-- STORED DATA --

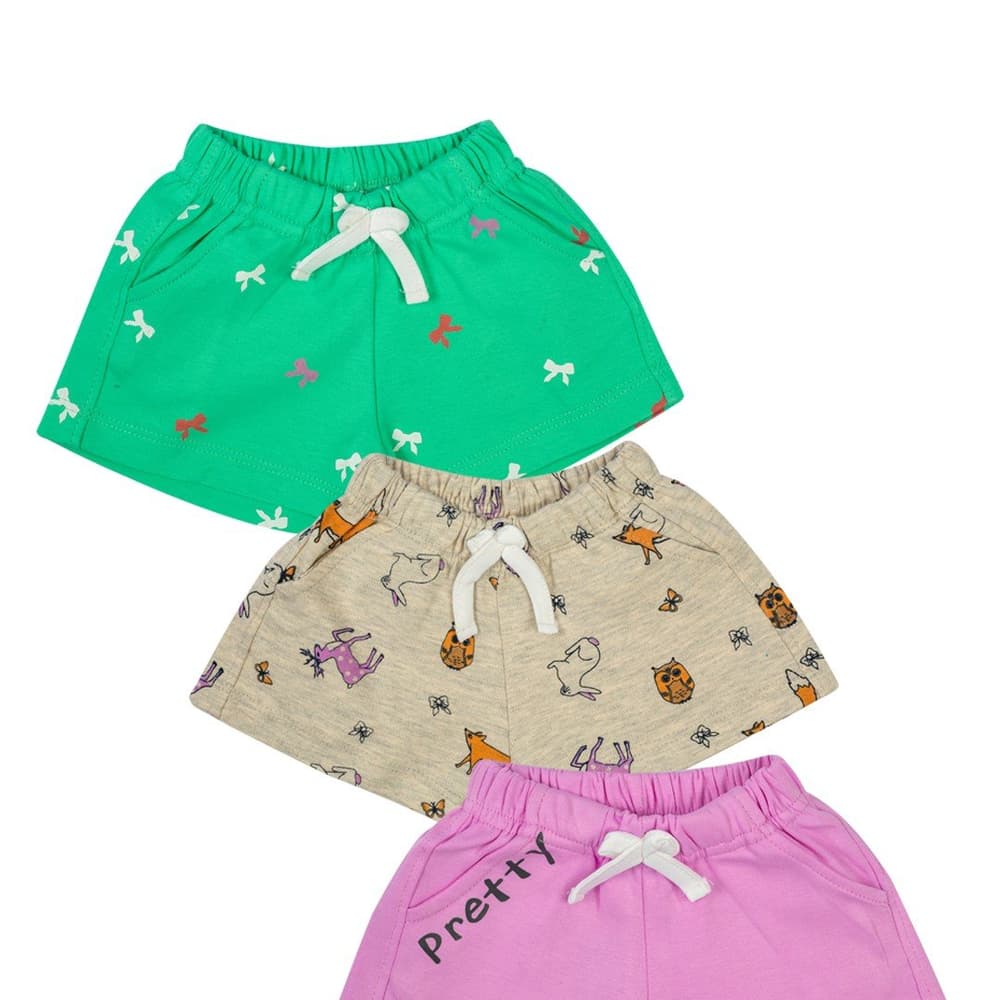 Mee Mee Shorts Pack Of 3 -Oat Mint & Lilac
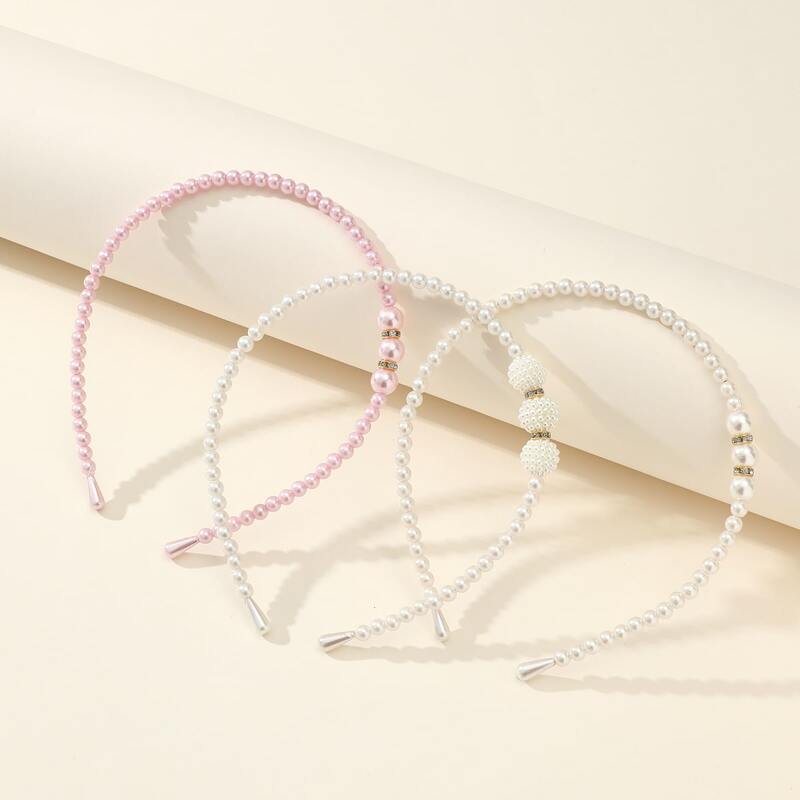 

3pcs Faux Pearl Hair Hoop, Multicolor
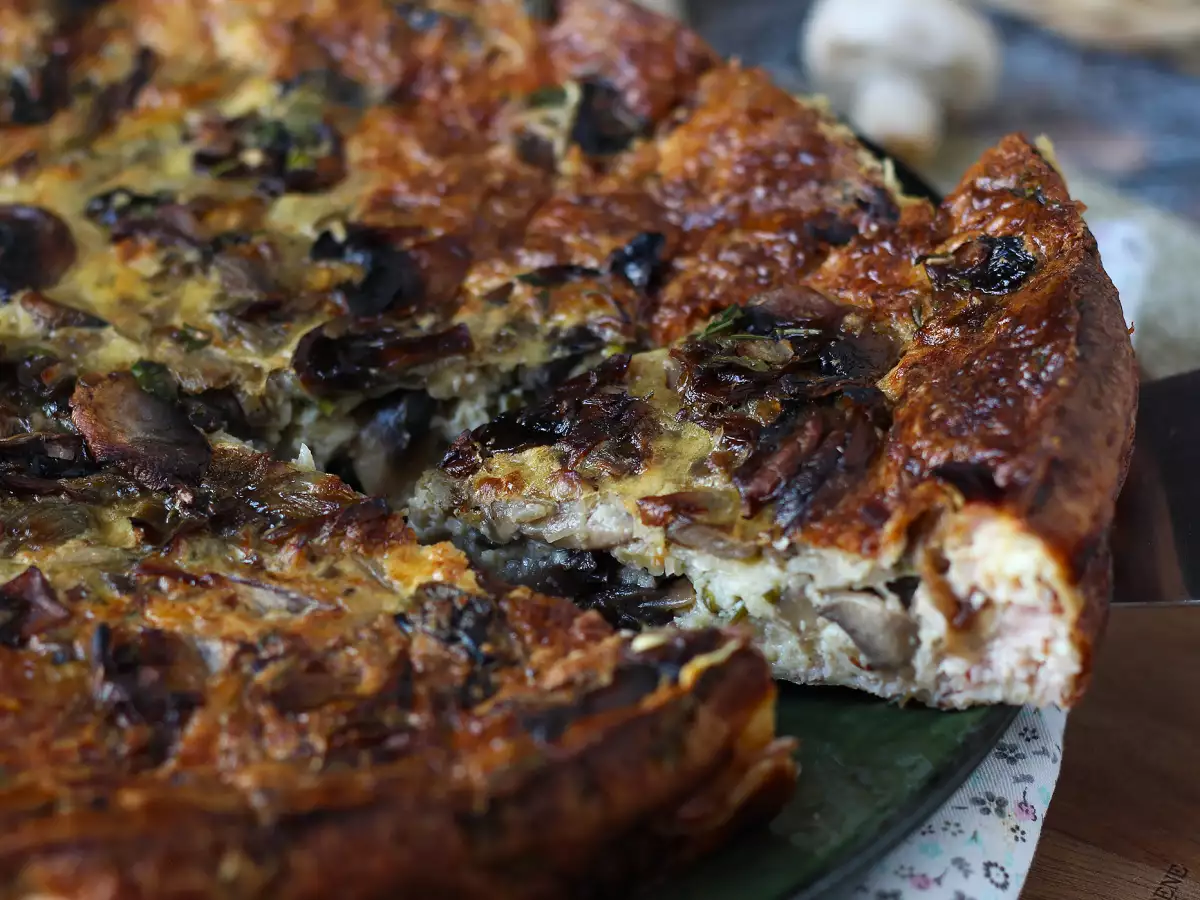 Quiche sans pâte aux champignons, bacon et cottage cheese - photo 4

-- EXERCISE BRIEF --
Find the line containing "3pcs Faux Pearl Hair Hoop, Multicolor" in the listing above. Please restate word for word that line through the last one, leaving out the pictures.

-- COMPLETED EXERCISE --
3pcs Faux Pearl Hair Hoop, Multicolor
 Quiche sans pâte aux champignons, bacon et cottage cheese - photo 4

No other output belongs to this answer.